Lines before the one containing "Upgrade [Qi2-Certified] 15W" are left out; that line and all after it, through the end of the records, must be transcribed exactly.

═══ WORKING DATA ═══

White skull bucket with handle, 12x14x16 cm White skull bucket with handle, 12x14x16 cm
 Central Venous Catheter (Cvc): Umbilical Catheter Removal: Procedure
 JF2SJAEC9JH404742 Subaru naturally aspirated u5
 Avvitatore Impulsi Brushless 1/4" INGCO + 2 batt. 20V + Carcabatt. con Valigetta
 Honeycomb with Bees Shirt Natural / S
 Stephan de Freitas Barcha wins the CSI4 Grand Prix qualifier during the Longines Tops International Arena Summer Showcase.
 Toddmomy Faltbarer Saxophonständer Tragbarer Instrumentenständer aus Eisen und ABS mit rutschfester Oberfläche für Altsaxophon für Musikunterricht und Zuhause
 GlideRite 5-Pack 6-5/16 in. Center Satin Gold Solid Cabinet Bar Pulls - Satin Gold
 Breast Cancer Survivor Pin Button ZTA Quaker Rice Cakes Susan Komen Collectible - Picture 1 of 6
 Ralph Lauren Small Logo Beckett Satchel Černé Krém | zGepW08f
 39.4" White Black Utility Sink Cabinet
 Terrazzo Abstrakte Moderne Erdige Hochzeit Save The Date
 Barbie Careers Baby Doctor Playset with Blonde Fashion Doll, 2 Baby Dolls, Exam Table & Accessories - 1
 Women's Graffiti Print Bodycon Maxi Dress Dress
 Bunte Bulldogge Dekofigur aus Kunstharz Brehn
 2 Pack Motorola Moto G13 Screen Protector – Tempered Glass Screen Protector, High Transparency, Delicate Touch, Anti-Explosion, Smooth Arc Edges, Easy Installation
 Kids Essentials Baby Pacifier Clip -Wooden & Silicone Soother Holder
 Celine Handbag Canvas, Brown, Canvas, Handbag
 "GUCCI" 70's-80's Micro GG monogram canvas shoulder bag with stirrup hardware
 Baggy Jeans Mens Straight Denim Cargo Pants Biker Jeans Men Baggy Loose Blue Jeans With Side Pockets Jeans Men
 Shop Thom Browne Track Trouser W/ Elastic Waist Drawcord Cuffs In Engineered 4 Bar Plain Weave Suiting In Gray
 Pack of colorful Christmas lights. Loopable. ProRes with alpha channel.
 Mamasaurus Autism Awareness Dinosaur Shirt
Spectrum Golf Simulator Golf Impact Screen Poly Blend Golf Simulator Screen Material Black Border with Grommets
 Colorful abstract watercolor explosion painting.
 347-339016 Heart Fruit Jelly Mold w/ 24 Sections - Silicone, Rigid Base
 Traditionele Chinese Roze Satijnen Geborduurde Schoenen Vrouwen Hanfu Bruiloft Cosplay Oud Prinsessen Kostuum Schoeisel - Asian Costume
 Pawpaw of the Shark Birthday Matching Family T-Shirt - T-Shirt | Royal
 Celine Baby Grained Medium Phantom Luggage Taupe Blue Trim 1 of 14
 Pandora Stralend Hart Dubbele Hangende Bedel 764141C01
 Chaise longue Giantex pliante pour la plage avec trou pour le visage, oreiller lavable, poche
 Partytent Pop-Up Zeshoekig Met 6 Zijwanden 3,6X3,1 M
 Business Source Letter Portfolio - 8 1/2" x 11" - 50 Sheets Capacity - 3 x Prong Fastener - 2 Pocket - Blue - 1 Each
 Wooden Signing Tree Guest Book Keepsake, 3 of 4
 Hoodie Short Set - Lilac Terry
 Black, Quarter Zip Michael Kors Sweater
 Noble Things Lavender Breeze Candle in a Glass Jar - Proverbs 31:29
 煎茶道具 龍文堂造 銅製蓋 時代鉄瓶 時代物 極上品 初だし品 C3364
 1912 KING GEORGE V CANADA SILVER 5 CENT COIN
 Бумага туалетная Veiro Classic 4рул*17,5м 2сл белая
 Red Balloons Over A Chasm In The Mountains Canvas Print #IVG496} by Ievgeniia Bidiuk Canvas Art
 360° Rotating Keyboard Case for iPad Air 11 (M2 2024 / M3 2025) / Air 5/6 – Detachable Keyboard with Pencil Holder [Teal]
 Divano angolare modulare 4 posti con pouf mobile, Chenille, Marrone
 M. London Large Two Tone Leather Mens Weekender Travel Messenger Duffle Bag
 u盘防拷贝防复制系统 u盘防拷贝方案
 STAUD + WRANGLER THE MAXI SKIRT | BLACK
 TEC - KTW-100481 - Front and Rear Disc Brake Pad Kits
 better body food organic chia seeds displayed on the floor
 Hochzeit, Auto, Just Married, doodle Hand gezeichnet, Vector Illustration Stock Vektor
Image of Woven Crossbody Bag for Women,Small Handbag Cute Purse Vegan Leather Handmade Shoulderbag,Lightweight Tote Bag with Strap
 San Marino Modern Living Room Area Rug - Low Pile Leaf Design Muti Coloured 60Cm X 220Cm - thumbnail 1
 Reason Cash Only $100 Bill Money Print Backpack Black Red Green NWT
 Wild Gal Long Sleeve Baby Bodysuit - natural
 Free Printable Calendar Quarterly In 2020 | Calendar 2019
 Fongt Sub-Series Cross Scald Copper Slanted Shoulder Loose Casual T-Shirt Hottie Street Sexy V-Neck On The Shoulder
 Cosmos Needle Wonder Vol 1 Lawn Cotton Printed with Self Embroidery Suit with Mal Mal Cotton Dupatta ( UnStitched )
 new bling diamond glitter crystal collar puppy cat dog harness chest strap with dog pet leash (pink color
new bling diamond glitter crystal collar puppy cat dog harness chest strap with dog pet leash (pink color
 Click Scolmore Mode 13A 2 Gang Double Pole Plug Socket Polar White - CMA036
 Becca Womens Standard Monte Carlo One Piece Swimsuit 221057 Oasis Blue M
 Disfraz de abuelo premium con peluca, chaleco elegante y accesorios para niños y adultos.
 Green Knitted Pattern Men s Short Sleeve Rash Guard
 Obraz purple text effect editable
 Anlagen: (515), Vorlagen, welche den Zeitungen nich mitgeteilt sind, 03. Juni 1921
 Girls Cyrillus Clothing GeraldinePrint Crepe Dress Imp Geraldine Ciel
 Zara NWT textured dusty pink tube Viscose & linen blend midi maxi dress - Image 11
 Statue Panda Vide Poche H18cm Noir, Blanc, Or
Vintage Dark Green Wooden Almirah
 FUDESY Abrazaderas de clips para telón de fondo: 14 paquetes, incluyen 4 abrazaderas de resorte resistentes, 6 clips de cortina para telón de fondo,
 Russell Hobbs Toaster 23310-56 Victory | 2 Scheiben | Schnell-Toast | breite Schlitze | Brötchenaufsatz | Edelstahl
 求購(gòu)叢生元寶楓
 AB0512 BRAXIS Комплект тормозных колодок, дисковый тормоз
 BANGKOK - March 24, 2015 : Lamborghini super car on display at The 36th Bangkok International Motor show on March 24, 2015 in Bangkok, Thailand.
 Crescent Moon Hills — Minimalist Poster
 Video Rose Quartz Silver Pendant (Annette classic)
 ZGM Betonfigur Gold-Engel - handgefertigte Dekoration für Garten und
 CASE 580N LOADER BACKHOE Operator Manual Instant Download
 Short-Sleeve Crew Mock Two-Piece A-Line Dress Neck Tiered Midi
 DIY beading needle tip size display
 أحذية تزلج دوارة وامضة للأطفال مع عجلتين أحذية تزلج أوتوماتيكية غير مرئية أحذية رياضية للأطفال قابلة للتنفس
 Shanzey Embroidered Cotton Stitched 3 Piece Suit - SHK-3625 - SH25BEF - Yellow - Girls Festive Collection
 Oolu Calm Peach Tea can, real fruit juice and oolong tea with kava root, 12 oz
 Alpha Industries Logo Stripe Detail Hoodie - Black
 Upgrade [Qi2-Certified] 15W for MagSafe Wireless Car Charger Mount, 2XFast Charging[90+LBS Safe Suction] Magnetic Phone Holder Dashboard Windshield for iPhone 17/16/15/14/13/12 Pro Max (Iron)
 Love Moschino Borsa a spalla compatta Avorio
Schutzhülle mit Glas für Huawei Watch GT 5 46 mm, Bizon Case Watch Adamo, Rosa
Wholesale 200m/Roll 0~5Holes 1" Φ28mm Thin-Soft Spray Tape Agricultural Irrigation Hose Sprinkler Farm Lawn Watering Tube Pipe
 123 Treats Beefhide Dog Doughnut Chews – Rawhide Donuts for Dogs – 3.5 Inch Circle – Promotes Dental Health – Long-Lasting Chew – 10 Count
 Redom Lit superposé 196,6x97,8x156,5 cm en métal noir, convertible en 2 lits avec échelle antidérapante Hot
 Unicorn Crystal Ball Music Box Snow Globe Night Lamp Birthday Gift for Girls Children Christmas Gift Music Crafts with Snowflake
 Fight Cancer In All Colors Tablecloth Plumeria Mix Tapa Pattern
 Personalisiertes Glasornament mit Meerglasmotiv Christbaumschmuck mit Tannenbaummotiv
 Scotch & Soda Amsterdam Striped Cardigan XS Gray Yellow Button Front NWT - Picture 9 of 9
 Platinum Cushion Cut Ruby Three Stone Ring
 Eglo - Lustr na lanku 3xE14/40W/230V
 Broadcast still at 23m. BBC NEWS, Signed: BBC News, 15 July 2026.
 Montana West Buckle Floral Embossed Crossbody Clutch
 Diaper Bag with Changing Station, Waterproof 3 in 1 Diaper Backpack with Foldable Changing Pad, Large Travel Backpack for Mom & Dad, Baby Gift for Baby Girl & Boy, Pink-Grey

═══

__RESPONSE TO THIS TASK__:
 Upgrade [Qi2-Certified] 15W for MagSafe Wireless Car Charger Mount, 2XFast Charging[90+LBS Safe Suction] Magnetic Phone Holder Dashboard Windshield for iPhone 17/16/15/14/13/12 Pro Max (Iron)
 Love Moschino Borsa a spalla compatta Avorio
Schutzhülle mit Glas für Huawei Watch GT 5 46 mm, Bizon Case Watch Adamo, Rosa
Wholesale 200m/Roll 0~5Holes 1" Φ28mm Thin-Soft Spray Tape Agricultural Irrigation Hose Sprinkler Farm Lawn Watering Tube Pipe
 123 Treats Beefhide Dog Doughnut Chews – Rawhide Donuts for Dogs – 3.5 Inch Circle – Promotes Dental Health – Long-Lasting Chew – 10 Count
 Redom Lit superposé 196,6x97,8x156,5 cm en métal noir, convertible en 2 lits avec échelle antidérapante Hot
 Unicorn Crystal Ball Music Box Snow Globe Night Lamp Birthday Gift for Girls Children Christmas Gift Music Crafts with Snowflake
 Fight Cancer In All Colors Tablecloth Plumeria Mix Tapa Pattern
 Personalisiertes Glasornament mit Meerglasmotiv Christbaumschmuck mit Tannenbaummotiv
 Scotch & Soda Amsterdam Striped Cardigan XS Gray Yellow Button Front NWT - Picture 9 of 9
 Platinum Cushion Cut Ruby Three Stone Ring
 Eglo - Lustr na lanku 3xE14/40W/230V
 Broadcast still at 23m. BBC NEWS, Signed: BBC News, 15 July 2026.
 Montana West Buckle Floral Embossed Crossbody Clutch
 Diaper Bag with Changing Station, Waterproof 3 in 1 Diaper Backpack with Foldable Changing Pad, Large Travel Backpack for Mom & Dad, Baby Gift for Baby Girl & Boy, Pink-Grey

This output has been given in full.